LONDON (Reuters) -Britain’s new finance minister Jeremy Hunt said he would show investors that he will repair the country’s public finances after the original economic plans of Prime Minister Liz Truss triggered a bond market rout.
“No government can control the markets. No Chancellor should seek to do that,” Hunt told BBC television in an interview broadcast on Sunday.
“There is one thing we can do and that’s what I’m going to do, which is to show the markets, the world, indeed people watching at home, that we can properly account for every penny of our tax and spending plans.”
Investors have sold British government bonds heavily since Sept. 23 when Hunt’s predecessor as finance minister, Kwasi Kwarteng, announced a string of unfunded tax cuts.

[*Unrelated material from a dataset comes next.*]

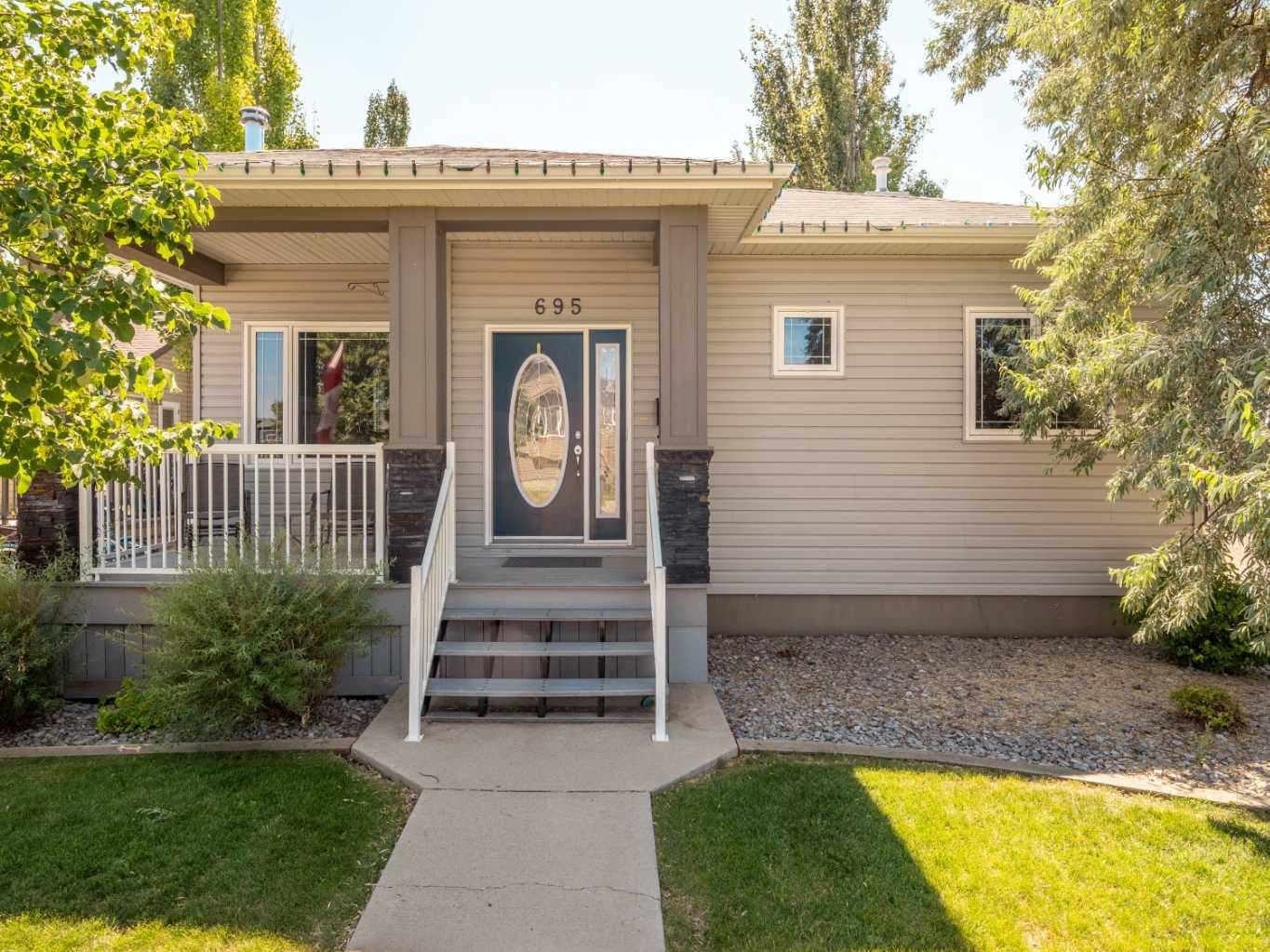 695 Parkside Drive — photo 4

Truss – who won the leadership of the Conservative Party barely a month ago after promising to slash taxes – fired Kwarteng on Friday and has ditched key parts of the programme they agreed together.
But Hunt has said he will go further including increases in taxes as well as a tighter control on public spending.
Asked whether he thought financial markets would have confidence in his plans, Hunt told the BBC: “Well, I think, you know, for people trading the markets, actions speak louder than words.”
A first test will come on Monday morning when trading in Britain’s battered government bonds resumes without the support of the Bank of England’s emergency bond-buying programme which expired on Friday.